Wanneer Mozes door God wordt geroepen om de Israëlieten uit de slavernij in Egypte te leiden, wordt Tzipporah een metgezel en supporter van hem. Ze vergezelt Mozes op zijn reis naar Egypte en helpt hem bij het vervullen van zijn rol als leider. Er doet zich echter een incident voor tijdens hun reis waarbij Tzipporah niet wordt genoemd en God woedend wordt op Mozes. Sommigen zeggen dat deze woede komt doordat Tzipporah nalaat hun mannelijke kinderen te besnijden, en daarom eist God dat haar zoon besneden wordt. De passage eindigt met Mozes die Tzipporah en hun zonen terugstuurt naar Jethro's bescherming in Midian. Tzipporah en de jongens voegen zich later weer bij Mozes voor een gevecht met de Amalekieten en worden onderdeel van de gemeenschap van Israëlieten die door de wildernis reizen.
Volgens het boek Numeri had Tzipporah samen met Mozes verschillende zonen, waaronder Gersom en Eliëzer. Er zijn enkele geleerden die geloven dat Tzipporah mogelijk ook andere zonen of dochters heeft gehad, terwijl een minderheidsstandpunt suggereert dat ze mogelijk een zuster had die getrouwd was met Aäron, de broer van Mozes.
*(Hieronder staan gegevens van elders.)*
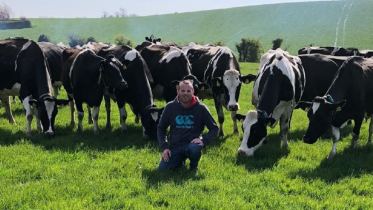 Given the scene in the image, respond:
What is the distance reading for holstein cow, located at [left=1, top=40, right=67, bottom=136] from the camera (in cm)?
1140

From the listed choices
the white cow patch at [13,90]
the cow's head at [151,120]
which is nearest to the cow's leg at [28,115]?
the white cow patch at [13,90]

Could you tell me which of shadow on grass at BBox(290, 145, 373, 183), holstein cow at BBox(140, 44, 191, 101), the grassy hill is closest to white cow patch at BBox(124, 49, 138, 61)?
holstein cow at BBox(140, 44, 191, 101)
In de latere bijbelse tradities wordt Tzipporah soms afgeschilderd als een bekeerling tot het judaïsme, maar daar wordt in de Thora geen expliciete melding van gemaakt. Ze is ook een prominente figuur in Joodse legenden en folklore, die verhalen vertellen over haar wijsheid en vroomheid. Haar belang als bijbels personage is echter relatief beperkt in vergelijking met andere vrouwelijke figuren zoals Sarah, Rebekka en Rachel, vanwege het kleine aantal gebeurtenissen die in de bijbelse verhalen om haar heen plaatsvinden.